Une seconde contradiction est aujourd’hui apparue. Les mêmes institutions qui ont accompagné la dérégulation demandent désormais davantage de souveraineté industrielle, de résilience logistique et de capacités de transport, y compris pour répondre aux nouvelles exigences stratégiques. On découvre alors que l’on ne reconstitue pas en quelques années un outil industriel et ferroviaire que plusieurs décennies de politiques de rentabilité ont progressivement affaibli.
La dialectique matérialiste enseigne que les contradictions produisent des situations nouvelles. La question n’est donc pas seulement de dénoncer les conséquences, mais de déterminer quelles transformations sont possibles à partir du rapport de forces existant.
Un premier scénario — que l’on pourrait appeler celui de la démocratie avancée — consiste à utiliser toutes les marges de manœuvre encore disponibles pour reconstruire un véritable service public : arrêt des nouvelles privatisations, investissement massif dans les infrastructures, développement du fret ferroviaire, réintégration progressive des activités fragmentées, embauches sous statut, planification publique de long terme, coopération entre réseaux européens plutôt que mise en concurrence permanente. Une telle politique supposerait également une remise en cause de l’application des règles européennes lorsqu’elles empêchent la satisfaction des besoins populaires, afin de faire primer les nécessités sociales sur les exigences de concurrence.
Mais une analyse matérialiste impose également d’examiner les limites structurelles. Si les traités et les directives rendaient durablement impossible cette réorientation, alors la contradiction changerait de nature. La question ne serait plus seulement celle d’une autre politique dans le cadre existant, mais celle du cadre lui-même.

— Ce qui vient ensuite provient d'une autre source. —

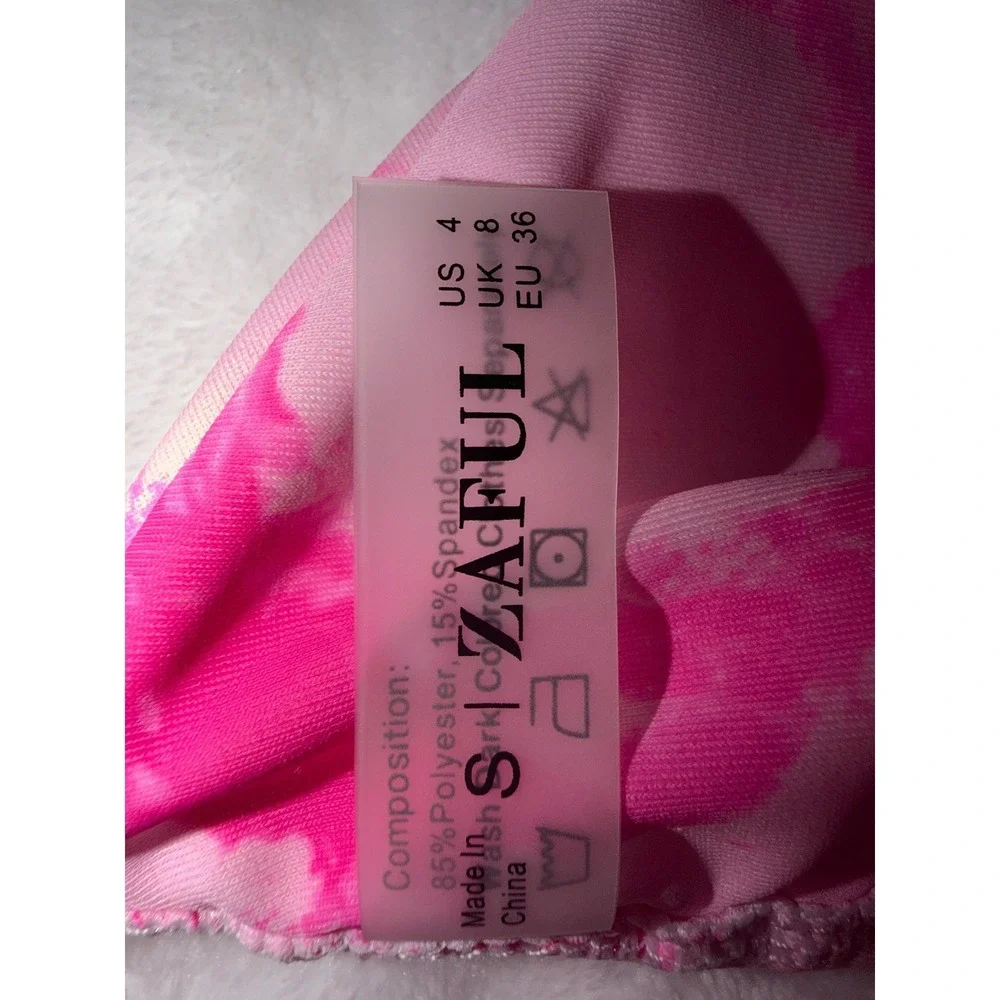 Zaful Pink Tie Dye Bikini Set Triangle Top Side Tie Bottoms‎ Womens Size S 4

C’est alors qu’un second scénario pourrait être posé au débat : un processus de reconquête de la souveraineté populaire, progressif, démocratique et social, permettant de retrouver la maîtrise des grands choix économiques, industriels et budgétaires. Dans cette perspective, une éventuelle sortie des traités européens, voire de l’Union européenne, ne constituerait pas un objectif en soi mais un moyen éventuel au service d’un projet de transformation sociale : reconstruction des services publics, réindustrialisation, planification écologique, nationalisation des secteurs stratégiques et extension des pouvoirs des travailleurs dans les entreprises.
Dans les deux hypothèses, la question essentielle demeure la même : comment reconstruire un rapport de forces populaire capable d’imposer que les infrastructures essentielles soient organisées non selon la logique de la rentabilité du capital, mais selon les besoins de la population ? C’est probablement là que réside aujourd’hui la contradiction politique principale.
Sujet qui doit être lié au 40eme Congrès avec les outils pour renforcer et recrée les cellules cheminotes (cf les articles de Thorez de juin 1924 sur l’enjeu des cellules d’entreprises pour le parti).